Nepal’s economy went through a series of changes over the past year. Looking closely at the sectors-agriculture, manufacturing and tourism sector were hit hardest, primarily due to the pandemic (which largely restricted daily operations) and partially due to internal conflicts (between service providers/producers and service buyers) alongside other hurdles inflicted by natural calamities. Macroeconomic indicators painted a gloomy picture of the national economy, owing chiefly to low remittance earnings, widening trade deficit and rising liquidity crunch. Moreover, frequent changes in the ruling government accompanied by absence of ministers at key ministries (both at federal and provincial levels) brought coordination and communication gap, impacting implementation of economic policies and hindering the nation’s growth and development targets.
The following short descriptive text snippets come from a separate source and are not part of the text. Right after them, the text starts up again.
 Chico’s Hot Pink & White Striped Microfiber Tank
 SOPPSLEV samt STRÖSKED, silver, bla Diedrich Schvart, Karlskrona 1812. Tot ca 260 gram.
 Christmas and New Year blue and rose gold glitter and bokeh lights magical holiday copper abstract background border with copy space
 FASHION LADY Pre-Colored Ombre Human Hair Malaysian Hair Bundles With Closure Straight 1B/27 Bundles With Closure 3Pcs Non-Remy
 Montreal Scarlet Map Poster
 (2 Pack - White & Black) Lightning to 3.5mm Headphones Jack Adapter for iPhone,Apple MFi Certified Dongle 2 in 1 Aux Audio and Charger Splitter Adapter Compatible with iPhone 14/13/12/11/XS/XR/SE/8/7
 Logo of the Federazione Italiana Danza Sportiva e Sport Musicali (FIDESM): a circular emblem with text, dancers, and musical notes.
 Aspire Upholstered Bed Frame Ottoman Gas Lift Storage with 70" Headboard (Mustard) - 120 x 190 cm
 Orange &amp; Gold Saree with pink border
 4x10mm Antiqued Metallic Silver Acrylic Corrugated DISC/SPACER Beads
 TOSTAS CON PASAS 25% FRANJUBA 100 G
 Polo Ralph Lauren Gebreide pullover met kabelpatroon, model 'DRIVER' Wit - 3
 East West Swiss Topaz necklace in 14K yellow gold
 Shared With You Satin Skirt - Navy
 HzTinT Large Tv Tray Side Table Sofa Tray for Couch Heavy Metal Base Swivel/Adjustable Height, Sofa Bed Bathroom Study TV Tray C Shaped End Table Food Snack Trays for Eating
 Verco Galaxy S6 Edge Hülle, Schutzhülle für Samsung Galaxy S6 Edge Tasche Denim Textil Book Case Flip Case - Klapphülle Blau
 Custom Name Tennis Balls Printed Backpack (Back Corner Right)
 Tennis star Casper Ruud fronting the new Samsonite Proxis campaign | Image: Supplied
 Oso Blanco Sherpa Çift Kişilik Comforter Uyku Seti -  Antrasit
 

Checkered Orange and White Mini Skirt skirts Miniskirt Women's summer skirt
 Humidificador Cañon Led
Timeline of major economic events in 2021
|January 01||The Supreme Court issued an interim order to sugar mills, directing them to settle outstanding payments to sugarcane farmers.|
|May 24||Finance Minister Bishnu Poudel (under the Oli government) presented an ordinance budget of Nrs. 1,647.57 billion (USD 13.60 billion) for the fiscal year (FY) 2078/79.|
|June 10||All seven provinces presented their annual budget for the next fiscal 2078/79; the combined budget stood at Nrs. 262 billion (USD 2.16 billion).|
|July 10||Nepal and India signed a Letter of Exchange to the India-Nepal Rail Services Agreement 2004.|
|August 10||Finance Minister Janardan Sharma (under the Deuba government) introduced a white paper in the House of Representatives (HoR) depicting a bleak picture of the national economy.|
|Nepal Rastra Bank (NRB) unveiled the monetary policy for the fiscal year (FY) 2021/22 with major emphasis on digitization of banking transactions.|
|September 10||Finance Minister Janardan Sharma (under the Deuba government) presented a replacement bill in the House of Representatives (HoR), making amends to the previous ordinance budget for the fiscal year (FY) 2021/22.|
|September 17||Nepal Rastra Bank (NRB) injected Nrs. 20 billion (USD 169 million) in the domestic financial system to ease the growing shortfall of liquidity in the banking system.|
|October 18||Foreign Minister Dr. Narayan Khadka (under the Deuba government) urged his Chinese counterpart Wang Yi to re-open regular border transactions at Tatopani-Khasa and Rasuwagadhi-Kerung border points.|
|October 24||The Ministry of Agriculture and Livestock Development (MoALD) reported a loss of Nrs. 8.26 billion (USD 68 million) due to the unseasonal October rainfall.|
|November 20||Nepal Rastra Bank (NRB) launched the highly anticipated National Payment Switch (NPS).|
|December 12||Share investors lost Nrs. 1 trillion (USD 8.25 billion) during the time period between August 2021 to November 2021.|
The KP Oli government on 29 May, 2021 presented an annual budget of Nrs. 1,647.57 billion (USD 13.58 billion) through an ordinance, with special focus on controlling the Covid-19 pandemic and accelerating the recovery path for the economy. The government also projected a growth rate of 6.5 percent and a per capita disposable income of Nrs. 180,279 (USD 1,486). However, on 12 July, 2021, the Supreme Court issued a verdict, which stripped Prime Minister Oli of his duties and responsibilities and appointed Sher Bahadur Deuba (leader of the opposition party) as the new prime minister. Following the change in government, the new finance minister- Janardan Sharma presented a white paper on 10 August, 2021 depicting a bleak situation of the national economy. Similarly, Nepal Rastra Bank (NRB) on 13 August 2021, unveiled its monetary policy with major emphasis on helping enterprises and individuals impacted by the pandemic by extending deadline for loan payment. Lastly, Minister Sharma introduced a substitution bill on 10 September, 2021, replacing the previous ordinance budget with a new one of Nrs. 1.623 trillion (USD 13.86 billion.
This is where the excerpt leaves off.